I shook my head and marched across the room to stand by the seated children. Dylan got out of the way as well, moving to stand next to Archibald. We watched the flurry of activity in Mistress Glick’s croft followed soon by the arrival of Iskair, Kenny, Euan, Rob and Catherine, provisioned for the journey. If someone would have told me the crofts could hold so many people, several well over six feet tall, I would have scoffed.

A small, cold hand slipped into my left hand, and I looked down to see Sarah clinging to me, azure-blue eyes regarding me with trust. My stomach twisted. I wasn’t up to the task of protecting the children—especially since they were Angus Macleod’s primary targets, as Ann had stopped herself from saying.

“Auntie Debra,” Sarah said, as if trying the title out.

I gave her what I hoped was a reassuring nod.

“Sarah Macleod,” I murmured.

She smiled at me, albeit tremulously, and returned to watching the activity.

“The people are ready,” Euan said to Rob and Iskair, the two who seemed to have taken charge. I looked to Ann, who in my opinion was the decision-maker as the laird’s wife.

Rob quite rightly turned to her. “We are ready, yer ladyship.”

“Where do you plan to take us, Iskair?” she asked, adjusting her baby on her hip. She looked like a little powerhouse, the lady of the clan with an armful of infant. “Not to Broder Castle! I will not put the people in the hands of Murdo Macaulay.”

“I agree that is no wise, yer ladyship. I didna give this matter any thought on my way here because I didna ken that John and Torq would be gone. There is an abandoned castle further inland, ye ken the one?”

Ann shook her head.

“Aye, ye mean the old ruins of Knockbost Castle?” Rob asked.

Iskair nodded. “Aye, we can hold out there until the rider reaches John and Torq to return with the men. I dinna ken if Angus would realize we had gone there. It is no but a pile of auld stones.”
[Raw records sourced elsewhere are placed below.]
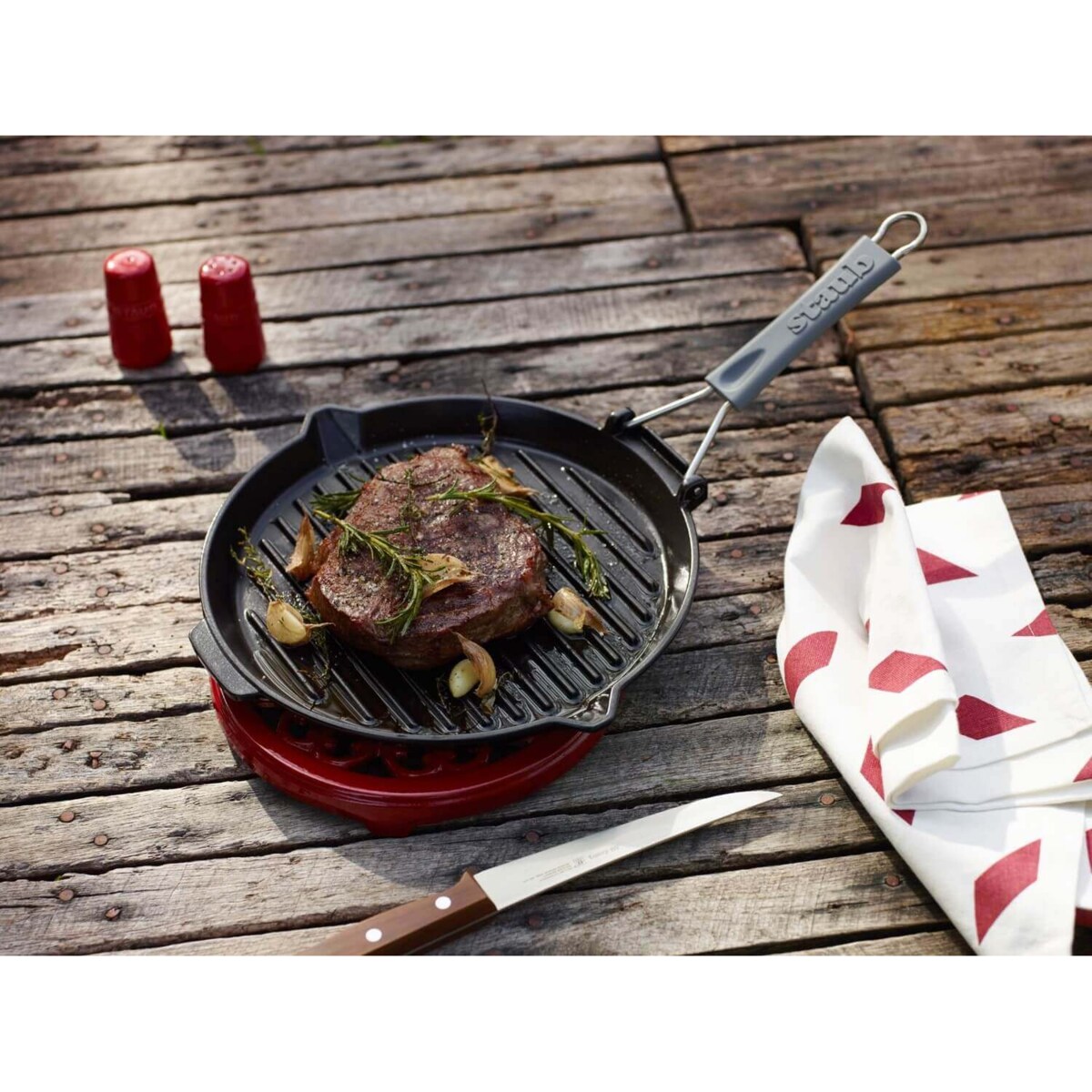 STAUB Okrągła patelnia żeliwna grillowa 27 cm, czarny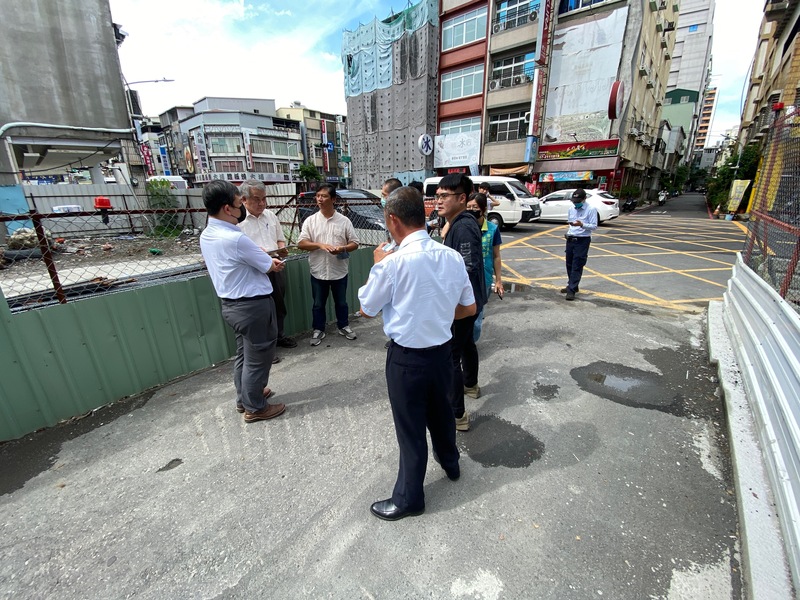 高雄市前金區自強一路新建大樓建築工地，於2022年因開挖作業，造成路面塌陷且周邊7棟民宅成危樓；有6戶簽和解但簽署人疑未完全履行部分，雙方進入訴訟，高雄市政府工務局表示將督促建商履約。圖/中央社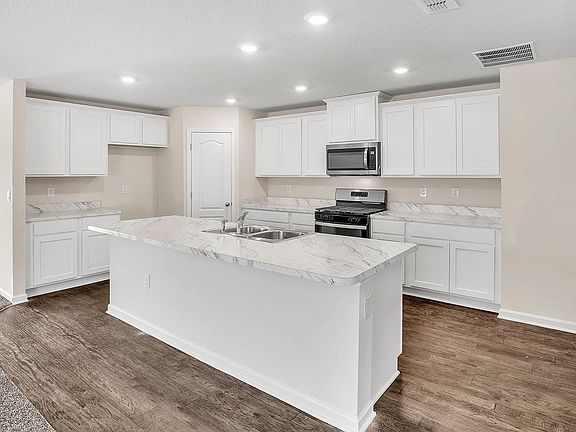 5th image of 43 Albacete Ct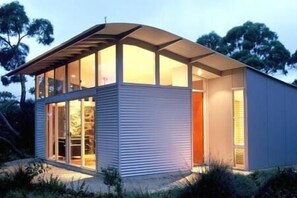 Ridgetop Retreat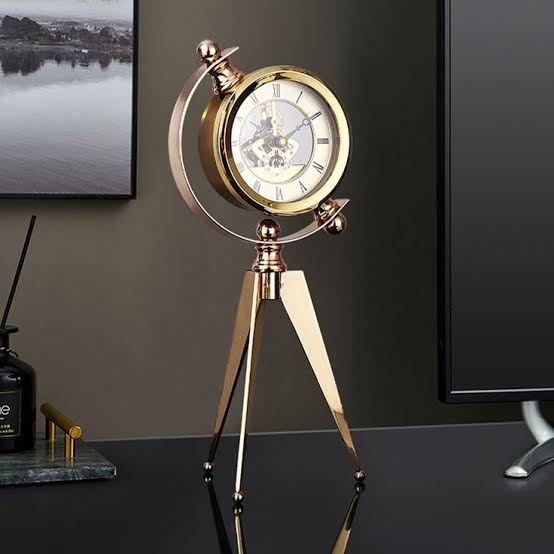 Grandeur Timepiece - Image 3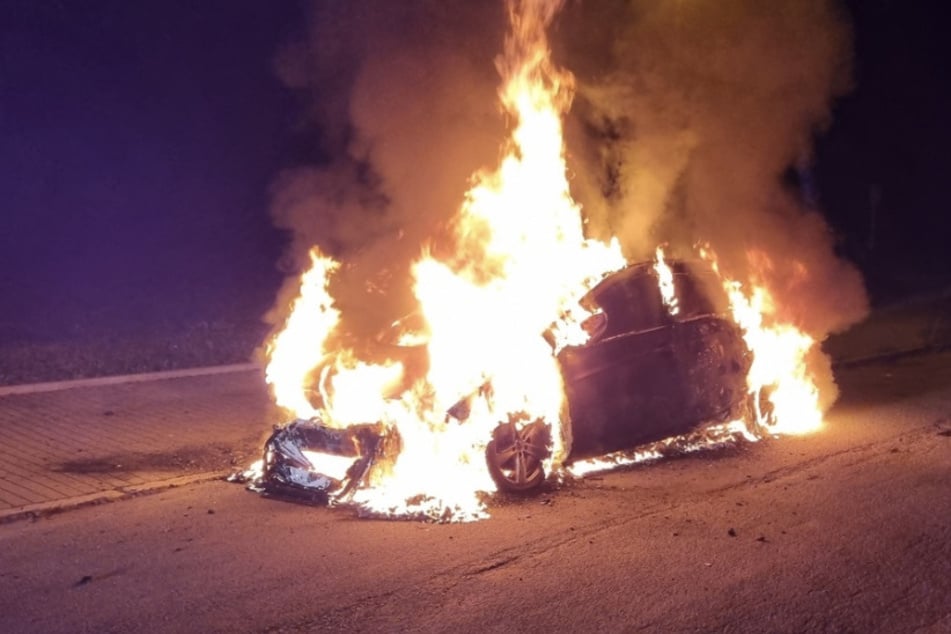 Feuerwehr bei Leipzig im Einsatz: Auto durch Flammen-Inferno komplett zerstört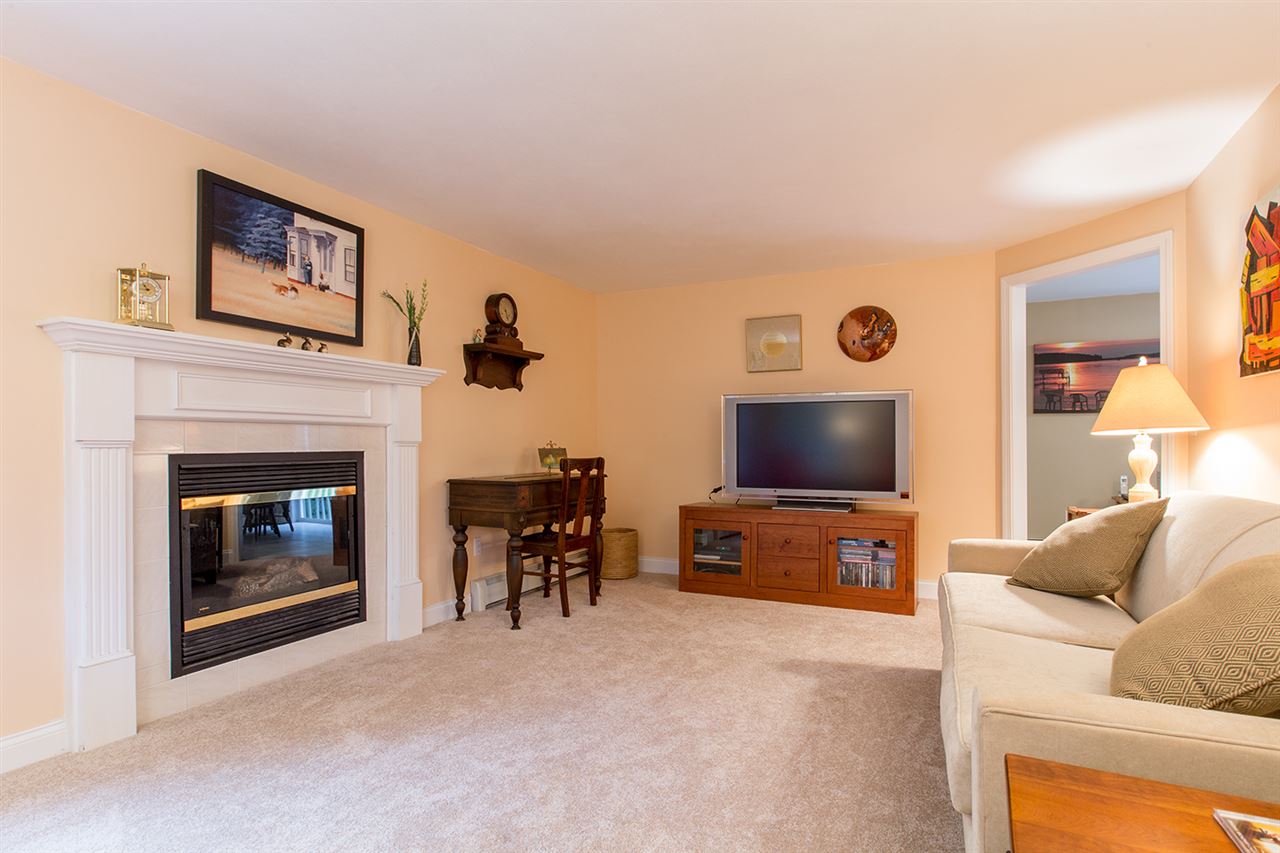 9 Ginaco Road Epping, NH 03042 - Photo 4 of 30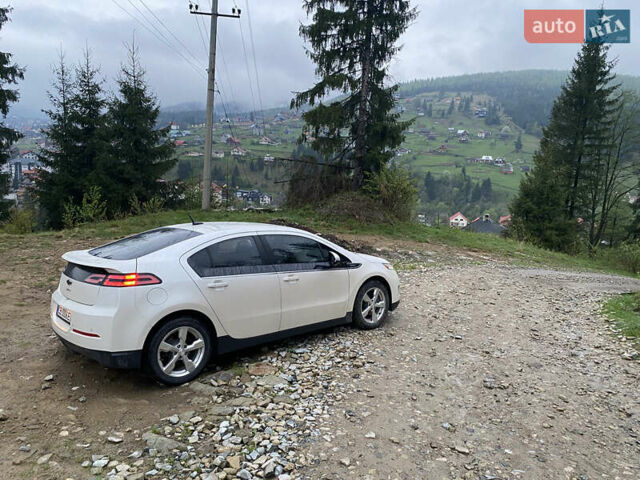 Белый Шевроле Вольт, объемом двигателя 1.4 л и пробегом 250 тыс. км за 10500 $, фото 2 на Automoto.ua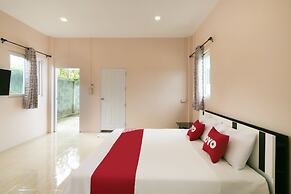 OYO 949 Sansuk Resort Paknampran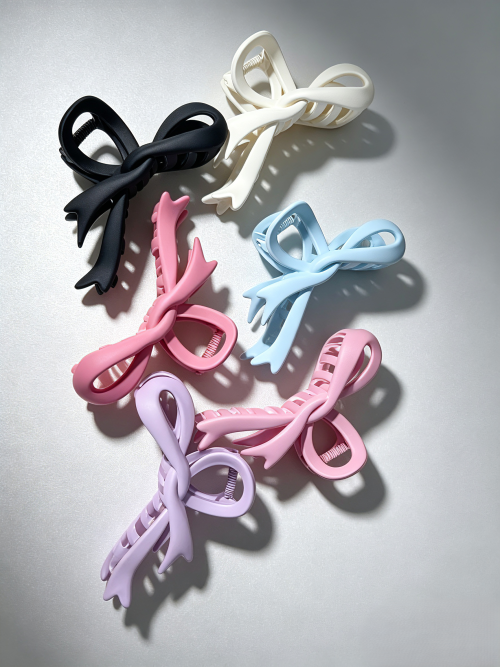 Morandi-colored bow hair clip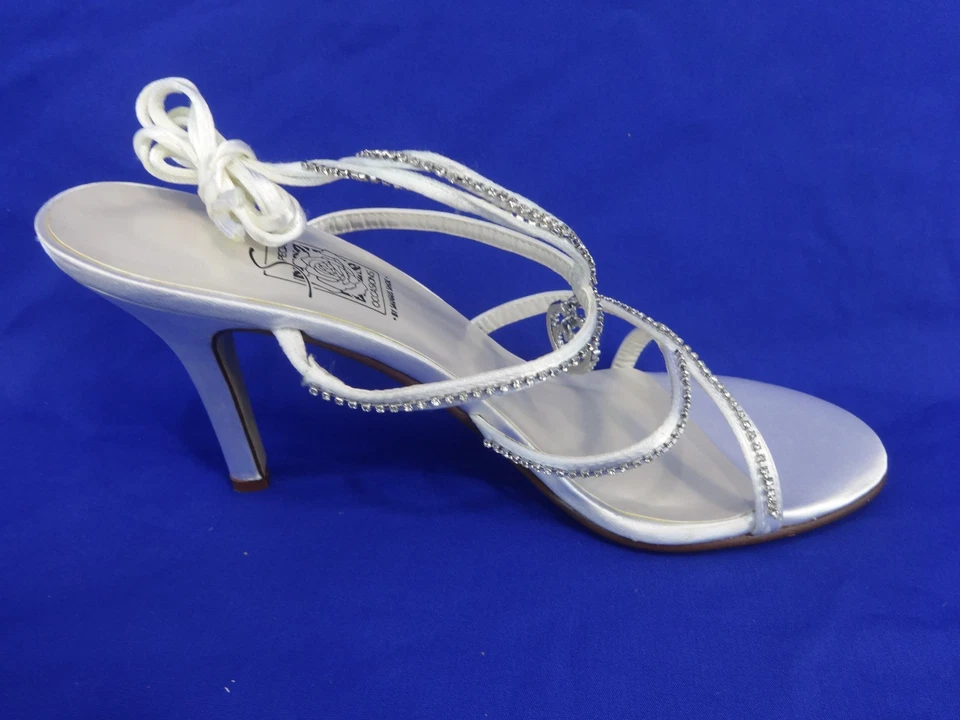 NEW Special Occasions by Saugus Shoe JULIET 5230 White Satin Size: 8.5 W - Image 4 of 4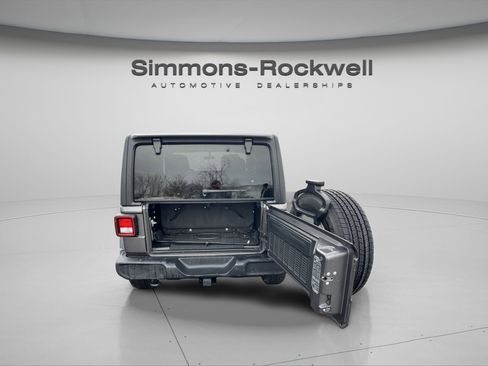 Used 2023 Jeep Wrangler Sport S image 11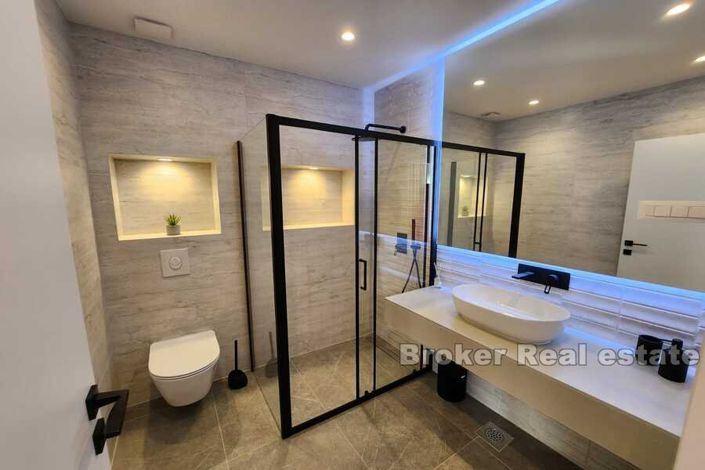 Image No.12-6 Bed Villa for sale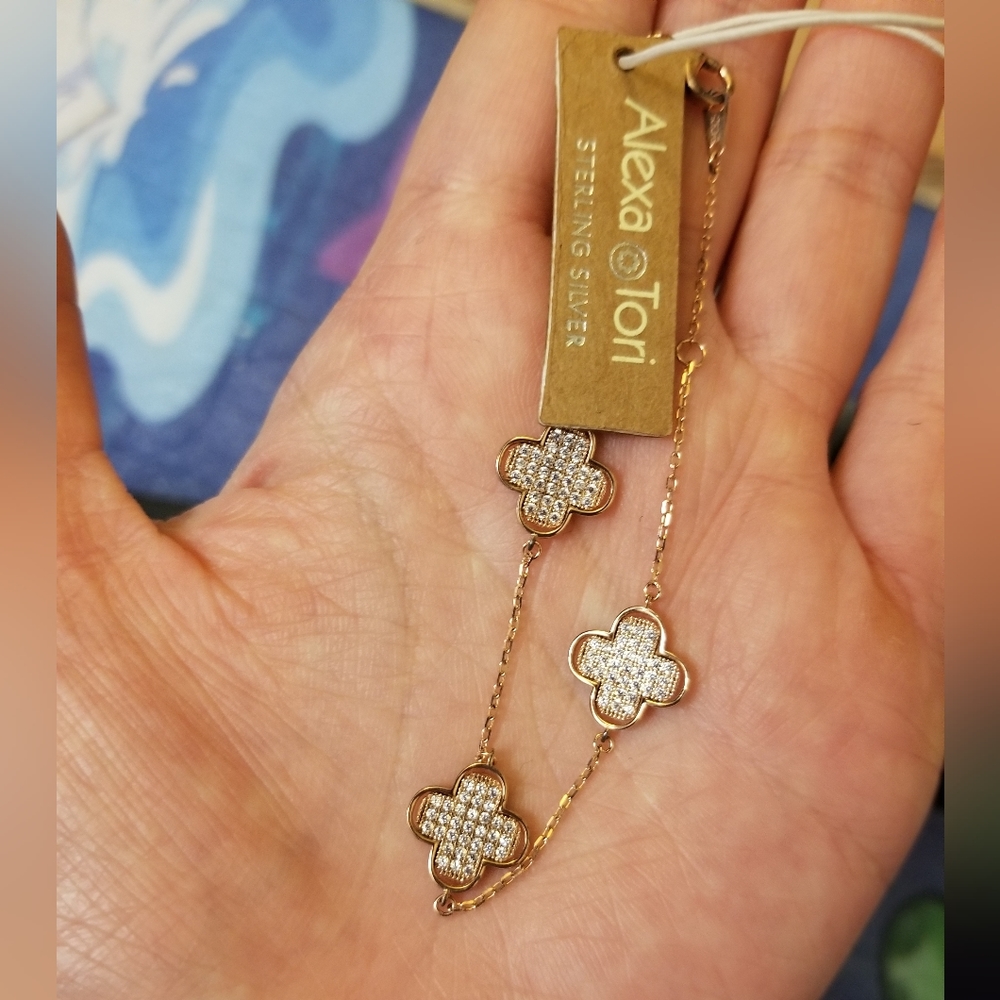 Alexa & Tori bracelet clover rhinestone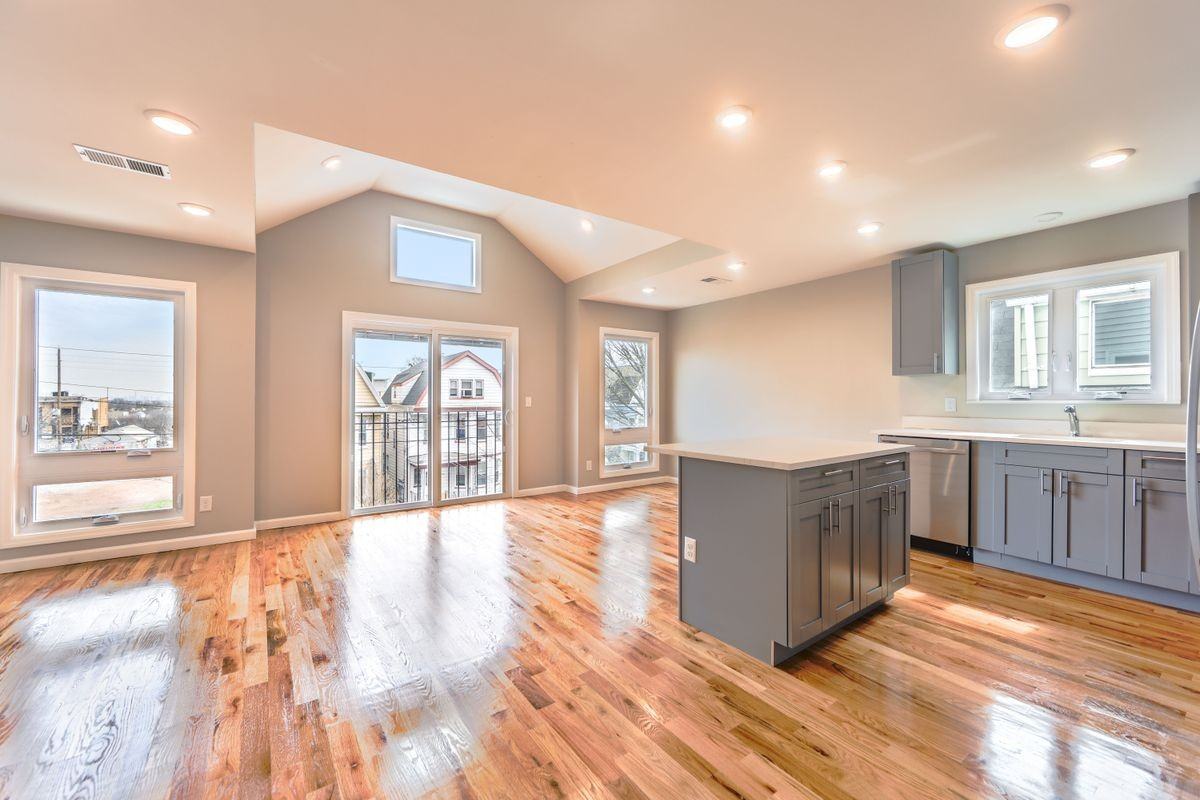 255 Chadwick Ave - Photo 2 of 25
“Is there water nearby?” Ann asked.

“Aye, I ken there is an auld well in the castle. Fresh water flows in from a spring.”

“Well, that’s all we’ll need for now. I think we’ve grabbed all the food we have.”

“I told the villagers to carry as much food as they could, to leave everything else behind,” Euan said. “The tide is retreating.”

“Good lad,” Iskair said. “Lady Morrison?”

She nodded decisively. “Let’s go!”

I took Sarah and Archibald by the hands and fell in as everyone left the croft. We rallied with the villagers, many of whom I had already seen, and all of them women, children and elderly men. 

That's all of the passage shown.